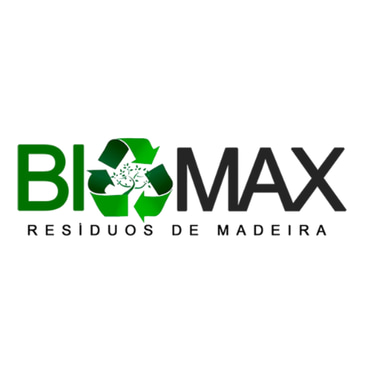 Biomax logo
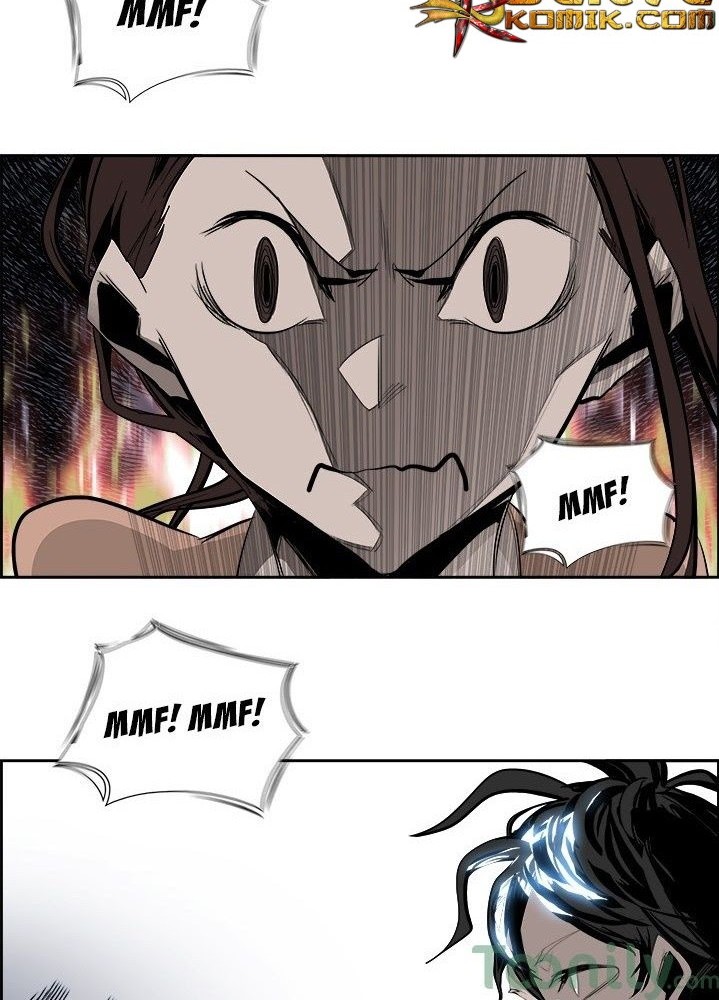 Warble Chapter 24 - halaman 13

...

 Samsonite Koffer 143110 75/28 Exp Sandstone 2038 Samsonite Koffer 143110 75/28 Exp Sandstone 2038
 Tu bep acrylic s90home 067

#### What you are asked to do:
Out of the material above, output word for word the line with "Samsonite Koffer 143110 75/28 Exp Sandstone 2038 Samsonite", the line with "Tu bep acrylic s90home 067", and all lines between them, with nothing else.

#### Result for this task:
 Samsonite Koffer 143110 75/28 Exp Sandstone 2038 Samsonite Koffer 143110 75/28 Exp Sandstone 2038
 Tu bep acrylic s90home 067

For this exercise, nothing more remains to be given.